ALTER SESSION Privilege Allows Dump of Trace Files Holding Potentially Sensitive Data

Creation Date: 10-SEP-2002
Last Revision Date: 09-OCT-2002

This alert warns users that ALTER SESSION privilege can produce trace files which may show sensitive data, such as literal password changes issued by other users. It also covers details of the risks of allowing access to trace files.


There are key precautions that should be taken in order to prevent malicious users from obtaining sensitive information via trace files. In general:

  • Read access to trace files should be strictly limited to trusted users.
  • Users should be granted minimal privileges required to perform their tasks. In particular ALTER SESSION privilege allows users to produce diagnostic trace files, which may contain sensitive data.


All supported Oracle Database releases up to and including Oracle9i Database Release 2.




There are no patches available. This is not an Oracle bug. This alert is published to raise awareness of the risks involved in poor management of privileges and access to trace files.


Use the least privilege principle. Set permissions on the host operating system such that only trusted users can access trace files and the init.ora file, especially in production environments.

Refer to the Oracle9i Database Release 2 Secure Configuration Guide or Security Checklist on OTN for the version of the database you run. Excerpt:

[Ensure] that when providing a path or file to the database, neither the file nor any part of the path is modifiable by an untrusted user. The file and all components of the path should be owned by the DBA or some trusted account, such as root. This recommendation applies to all types of files: data files, log files, trace files, external tables, bfiles, etc.

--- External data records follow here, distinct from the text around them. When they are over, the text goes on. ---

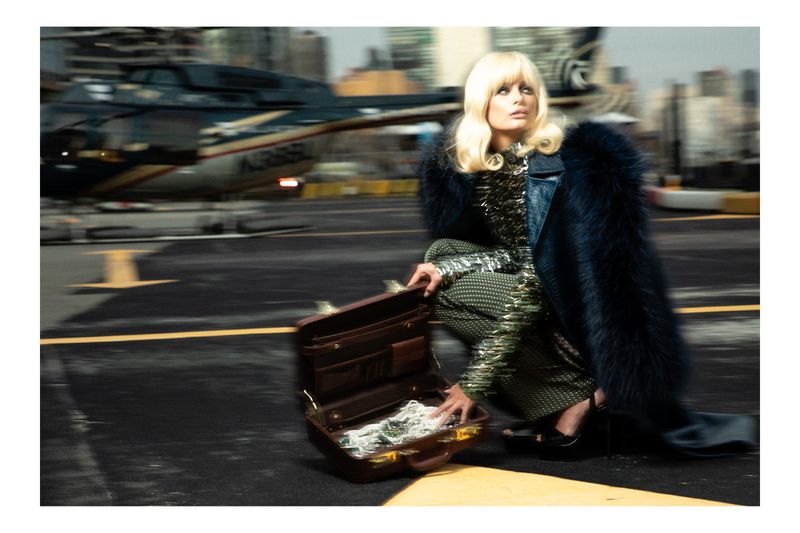 Blonde woman in fur coat squats with briefcase full of cash on airport tarmac with blurred helicopter and city skyline in background.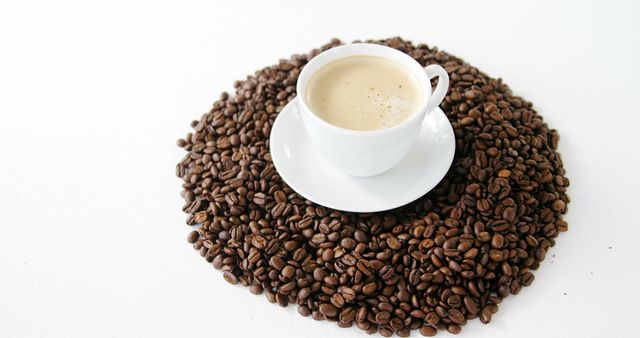 White ceramic cup filled with coffee placed in the center of a circular arrangement of fresh coffee beans on white surface. Ideal for showcasing coffee products, cafes, or articles on coffee culture, morning routines, and gourmet drinks.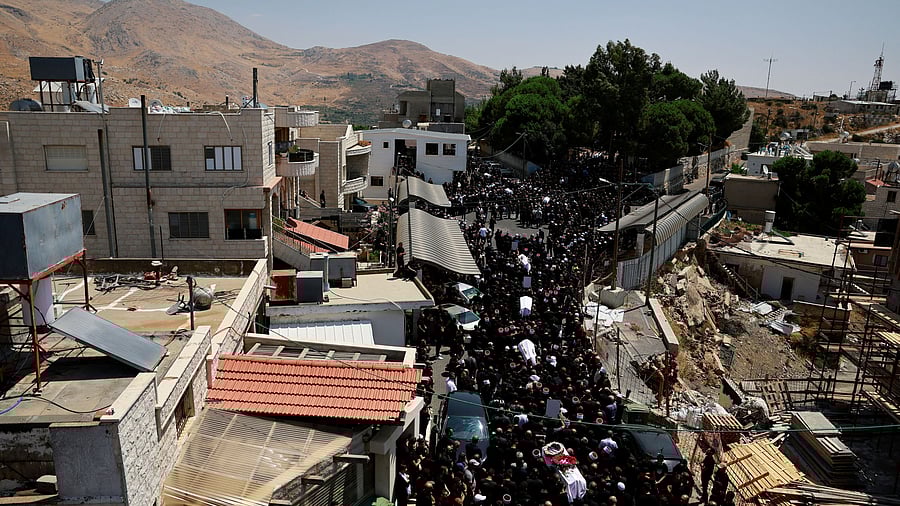 <div class="paragraphs"><p>Mourners carry coffins, during the funeral of children who were killed at a soccer pitch by a rocket fired from Lebanon, in Majdal Shams, a Druze village in the Israeli-occupied Golan Heights, July 28, 2024. </p></div>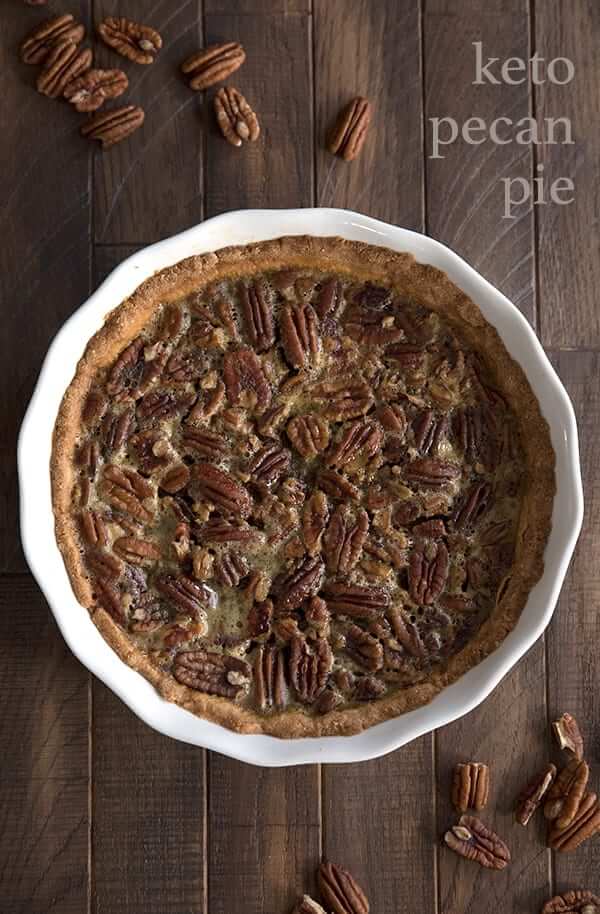 low carb pecan pie on wooden background in a white pie plate
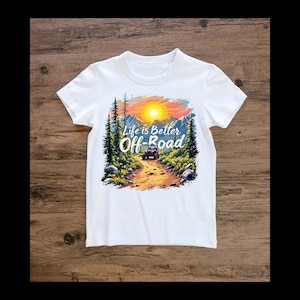 Könnte beinhalten: Weißes T-Shirt mit einem farbenfrohen Grafikdesign eines Sonnenuntergangs über einem Bergpfad und einem Fahrzeug. Der Text "Life is Better Off-Road" ist in Weiß und Blau dargestellt. Das Shirt besteht aus einem weichen Material.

Dumping sensitive information

SELECT * FROM dba_sys_privs WHERE privilege='ALTER SESSION';

Note that the default CONNECT role includes the ALTER SESSION privilege. Users granted the CONNECT role can be identified using the SQL:
SELECT * FROM dba_role_privs WHERE granted_role=CONNECT;

Other less obvious ways that a user can force a trace file to be produced include:

  • Execute privilege on DBMS_SYSTEM allows dumps of trace files.
  • If the EVENT parameter has been set at a system wide level to collect diagnostic information on a particular error then a user may force that error in order to generate a trace file.
  • Some errors, especially internal errors, can produce diagnostic trace files. Users may be able to force such an error to occur. As there are several ways that sensitive data may be dump it is important to limit access to trace files as described below.

Access to trace files

Only trusted users should be allowed read access to trace files. These trace files generally are generated in locations set by init.ora parameters:

  • background_dump_dest
  • user_dump_dest
  • core_dump_dest You are advised to check (and monitor) the following:
  • The _TRACE_FILES_PUBLIC init.ora parameter should not be set to a value true, as Oracle subsequently creates publicly accessible trace files.
  • Ensure that the UTL_FILE_DIR value parameter is different from your trace file destination and do not use generic values like * as its value. (UTL_FILE_DIR=* has a special meaning. This turns off directory checking and makes all directories accessible to the UTL_FILE).
  • Ensure users do not have CREATE DIRECTORY privilege as this can allow users to create a DIRECTORY which points at the trace file location. This can subsequently be used to access the trace files (e.g.: via a BFILE or by creating an EXTERNAL TABLE).
  • Ensure trace directories are not on exported or remote mountable file systems.


Be careful which privileges are granted to which users and limit access to tracefiles.